An inventory of what you’re currently responsible for is widely recommended and very helpful. After that, it will be useful to note exactly what in your inventory is most at risk. Data accumulation rates that will matter most to administrators will depend on what you decide you must preserve at full bit-level and what can live happily, for at least some time, in basic offline and (don’t forget this part!) geographically distributed storage locations.

Here’s an example of this decision making principle from my world:
Most of the material that my library has digitized, I’m comfortable NOT assigning to the queue for bit-level preservation. There are only a few objects that I digitized because the media they were on was so out of date that it was inaccessible or the originals were too fragile. These things that were truly digitized to preserve their current state AND intellectual value are a higher bit-level preservation concern for me, but they are also in a minority of my digital holdings right now.
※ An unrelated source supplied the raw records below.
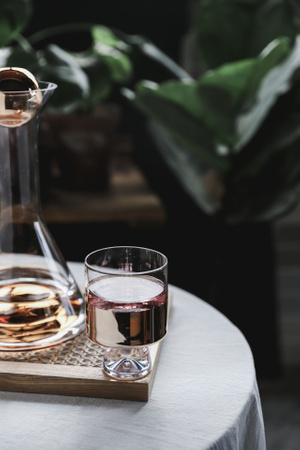 玻璃杯-玻璃器皿-暗调-产品摄影-午后 图片素材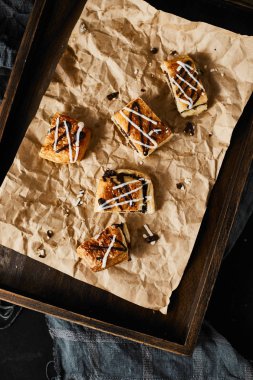 Arkaplanda çikolatalı danish..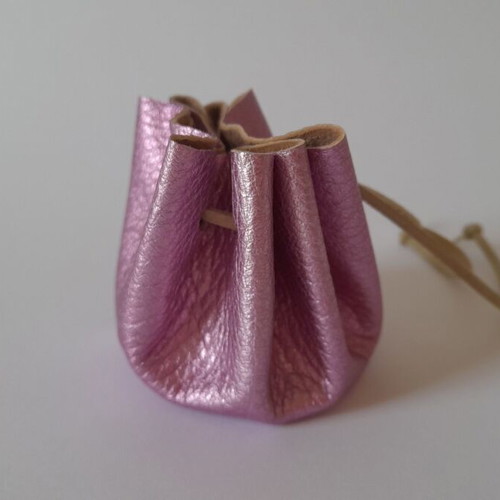 Handmade leather dice pouch new, pink metallic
Paper material like yearbooks, honors theses, faculty meeting minutes and the student newspaper are all really useful as searchable digital objects, and I want to protect the investment we made in scanning (some outsourced, some not), but I have all the originals and will not be discarding them so I’m not concerned with moving the digital versions into a preservation system right away. Those things will be just fine in an offline storage location until we decide if we want to pay extra just to protect that initial investment. Some born-digital documents that are worth keeping digitally (due to importance of content AND value of keeping in keyword searchable format), stay that way. But a lot of the messages that are important to keep (e.g., brief meeting records and emails from administrators about policy changes) do not have attributes that make them worth keeping digitally, so I print them.

On the other hand, my campus has over a decade worth of digital-only campus photographs, all in jpg, and our new content management system allows individual departments and organizations to post their own photos to their own pages. Those things are unique and being created by people who couldn’t care less about high-res formats because they’re just out there doing their jobs and trying to attract people to our school or showcase their achievements. Additionally, our major events (commencement, several all-campus convocations and colloquia, and our sporting events) are now only being captured live and streamed through a subscription service. I have decided that these born-digital media are more at risk both because of how they are created and by the lack of consistent metadata they are being created with. Therefore, they’re higher up in my queue for prioritizing preservation actions that include enhancing metadata and monitoring format migration needs in an automated environment.

Note that they are also not “library” materials, so they’re going into my this-is-a-common-good-and-therefore-a-shared-cost-responsibility argument 😉

I use the word “queue” because we have no subscription to an automated bit-level system yet. But by separating things out in this way, I have a smaller amount of somewhat-regularly-added-to types of content I can guesstimate based on past collection practices. I had success in getting on a regular transfer schedule of the streamed media because IT is in charge of monitoring that service, and they are now giving me an annual deposit of everything that was streamed the previous year. I’ve got a tougher chore with people posting things to their own web pages. However, IT is trying to communicate the value of using Flikr accounts to manage these files, and if people do start following that advice, I’ll be able to quantify that data because IT passes out logins to our campus Flikr subscription. That way I’ll get a glimpse of what people are doing and can start educational outreach with those dept/orgs about improving their creation and description practices.

Frankly, people who are doing their own thing outside of campus-related programs/services are, in my opinion, on their own. It sounds harsh to say it that way, but I can’t save what I don’t know exists and don’t have access to!